This may seem obvious, but I want to say it anyway: artists of all sorts make life worth living. They've been my great teachers and mentors: Bowie, Eno, Gainsbourg, Cohen, Kafka, Brecht, Calvino, Beuys, Klee… but also people like Fassbinder or P.G. Wodehouse or Hergé or the writers of the Mary Tyler Moore Show. There are thousands of names I could list, and I'm grateful to them all for showing me that life and play can be one and the same thing. Art is powerful precisely because it's powerless and irresponsible, like child's play. It shows us that things don't have to be the way they are: we can take them apart and put them back together again differently just for the hell of it, just to test stuff, roll the dice. I believe that art shouldn't be tidy or redemptive: it's good at showing the craziness and badness we're capable of, yet also our capacity to transcend it. We use it to document our futile struggle to make sense of ourselves. Wilde has a character in Dorian Gray say: "Sin is the only real colour-element left in modern life." I like art about sin, in that sense, because I like colour. Art needs to stay guilty and even unacceptable in some sense, because otherwise it'll just be used as "art-washing", the way it's used by advertisers to flog stuff, or municipal authorities to gentrify neighbourhoods and up the rents. It's easy to forget that censors — the church, the state — controlled what could and couldn't be said until very recently, but it's also obvious that we live in a time when statements are still highly policed, and when the humanities are under increasing threat. But I don't believe that art will ever knuckle down or buckle under. We need it.

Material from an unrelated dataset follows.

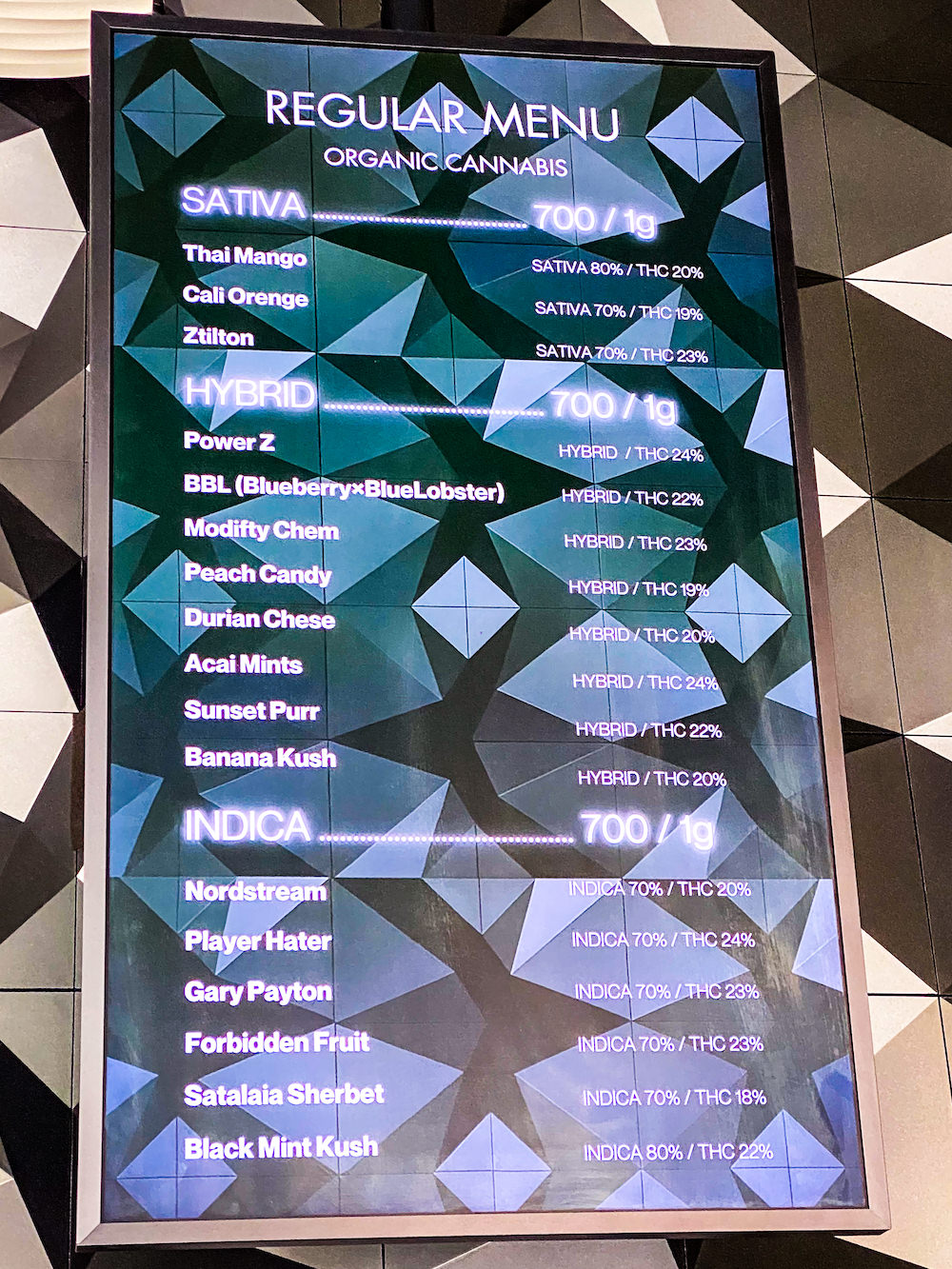 IZUMO GREEN BANGKOKのレギュラーメニュー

I don't mean the trouble kind, I mean actual hot water. Cups of tea and coffee, baths: there's nothing that hot water can't seem to soothe. My day begins with coffee: I can only tolerate one cup a day, so I head out somewhere nice and get an expensive one. Here in Paris my favourite café is a place called Kott, run by a friendly multi-cultural couple: he's French, she's Korean, so it has a stark, Seoully feel to the decoration. (Seoul is the city I'd most like to live in next.) Actually, it's often iced coffee, so I suppose the "hot" bit is optional. And in fact, when I think of my penchant for bathing in Japanese sentos, it wasn't always hot water there either: I found that the most amazing sense of physical well-being came from transferring four or five times between a scalding bath and a freezing one, until my skin could take the transition without cringing. Afterwards, sipping from a PET bottle of cool unsweetened green tea, I'd feel absolutely reborn.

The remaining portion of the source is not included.